The DFL Deutsche Fußball Liga GmbH (or simply Deutsche Fußball Liga; ; often shortened to DFL) is a wholly owned subsidiary of Die Liga – Fußballverband. The DFL is responsible for entire operating business of the Ligaverband, including the Bundesliga and 2. Bundesliga leagues. The chairman of supervisory board of the DFL is Reinhard Rauball. Christian Seifert is CEO of the DFL.

Since 1 July 2001, the DFL has organised the Bundesliga and 2. Bundesliga. From 2005 until 2007, they also organised the DFL-Ligapokal. Since 2010, the DFL also has organised the DFL-Supercup.

Function
The DFL was founded on 19 December 2000 as an independent GmbH. Since then, the Ligaverband has been the sole shareholder of the DFL, which has provided the capital stock in the amount of €1 million. The organisation is a subsidiary of the Ligaverband, which acts as a representative for the 36 professional clubs in the top two leagues of German football. Today the Bundesliga and 2. Bundesliga are operated by the DFL, but jointly hosted by the German Football Association (Deutscher Fußball-Bund, DFB) and the Ligaverband.

Duties
The DFL itself divides its operating business into the areas of operation, licensing, and marketing. The "operations" business area includes, in particular, the management of the licensed players' activities and the organisation of the competitions of the Ligaverband, which includes the Bundesliga, 2. Bundesliga, and DFL-Supercup, along with the promotion/relegation play-offs.

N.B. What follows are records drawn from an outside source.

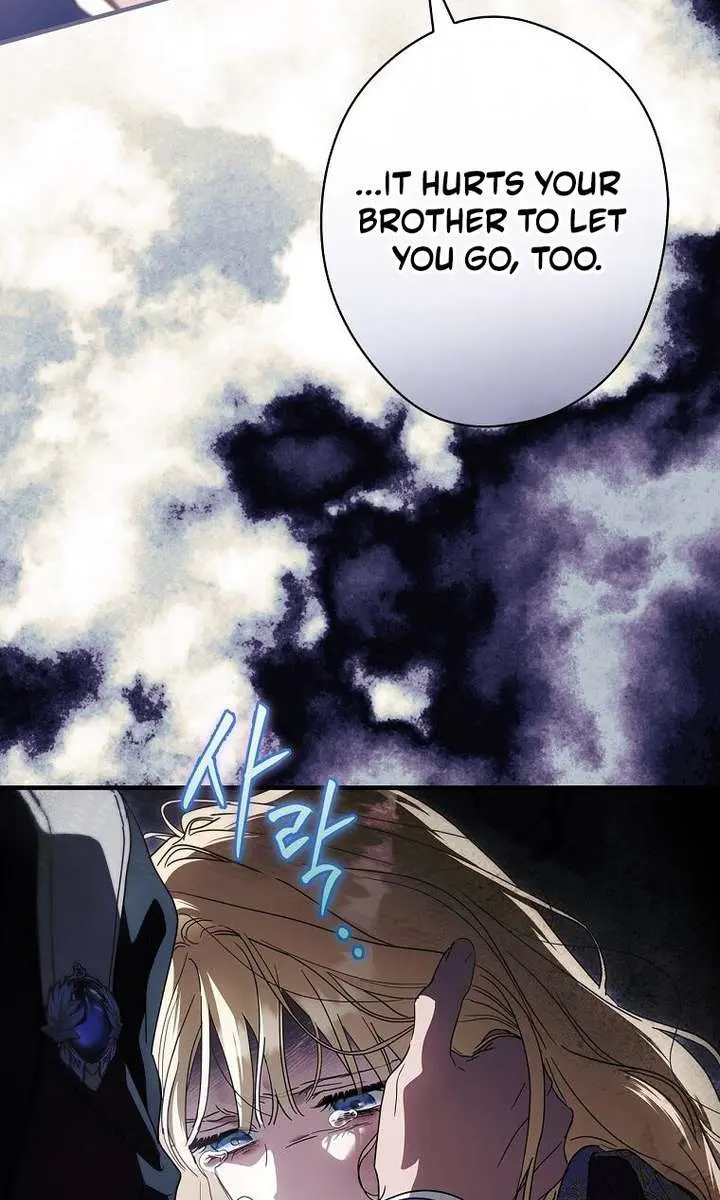 How to Get My Husband on My Side Chapter 124 Page 99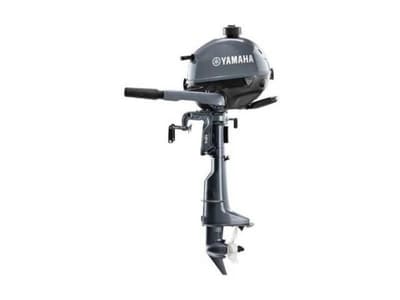 BOATZON | Yamaha Outboards F25SMHB 0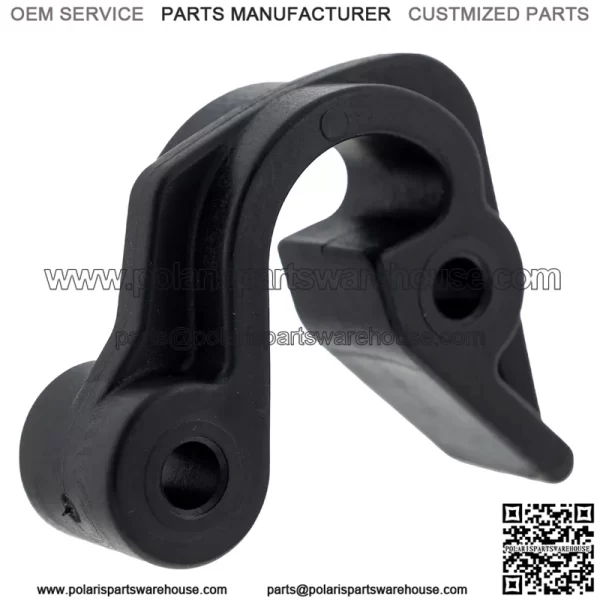 Polaris 5459101 LATCH-TAILGATE HOOK - Image 4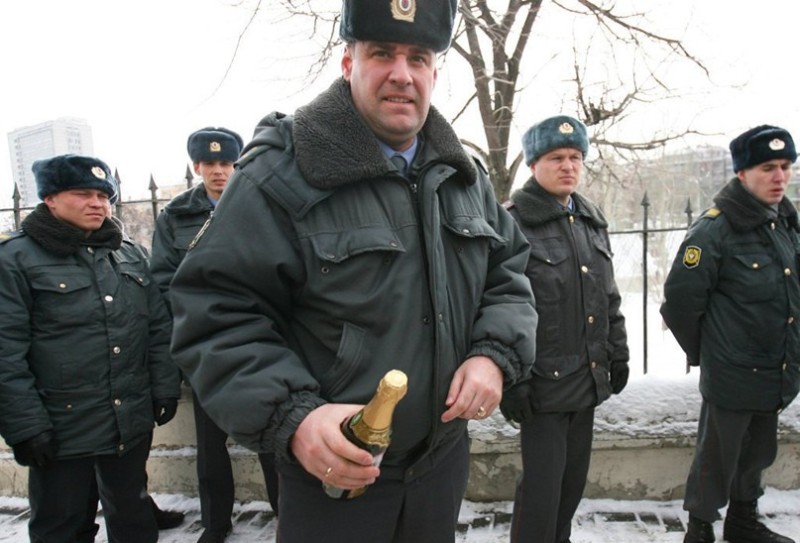 Create meme: police, male , Vologda police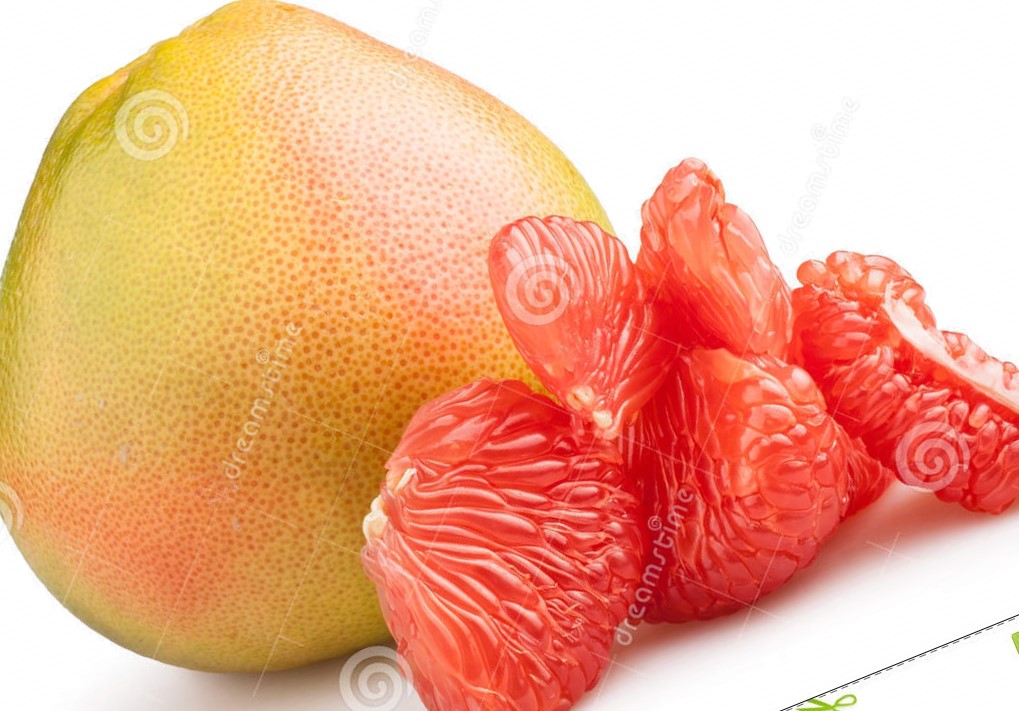 Nenita Pomelo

The business area of "marketing" includes the allocation of broadcasting rights and licenses for the leagues on various media platforms, including television, radio, and on the Internet. The Bundesliga broadcasting rights include a total of 209 territories around the world.

The third business area, "licensing", is the implementation and development of the former DFB licensing procedure. The DFL applies the procedure for the clubs of the Bundesliga and the 2. Bundesliga, as well as for some of the clubs of the lower leagues under a business contract. In doing so, the DFL will examine the extent to which the individual clubs fulfill the requirements for participation in the professional football competitions. The list of requirements includes sporting, financial, legal, infrastructural, personnel, administrative, media, and safety-related criteria. Highly important, and to date the only criterion which led to major problems for certain clubs, is the financial criterion. With this criterion the DFL tries to ascertain that all clubs remain solvent during the season in order to be able to maintain the club operations for as long as possible. The DFL can refuse to issue a license if a club does not meet these requirements.

Since 1 September 2012, the new organizational structure of the DFL now sees only two business areas rather than three.

With 23 other national professional league associations, the DFL is founding member of the World Leagues Forum, founded in Zürich in February 2016. The organisation aims, among other things, to centrally combine and represent the interests of the professional leagues and their common views before FIFA and other institutions engaged in sports and politics.

Subsidiaries
 DFL Foundation
 Bundesliga International GmbH (formerly DFL Sports Enterprises GmbH)
 DFL Digital Sports GmbH
 Sportcast GmbH
 HD SAT Communication GmbH
 Livecast TV Produktion GmbH
 Sportec Solutions GmbH
 DFA Deutsches Fußball Archiv GmbH
 Liga Travel GmbH

Bodies
The leadership of the DFL, which includes the CEO and the supervisory, attend the annual shareholders' meeting. Part of the supervisory board of the DFL forms a personal union with the Vorstand of the Ligaverband.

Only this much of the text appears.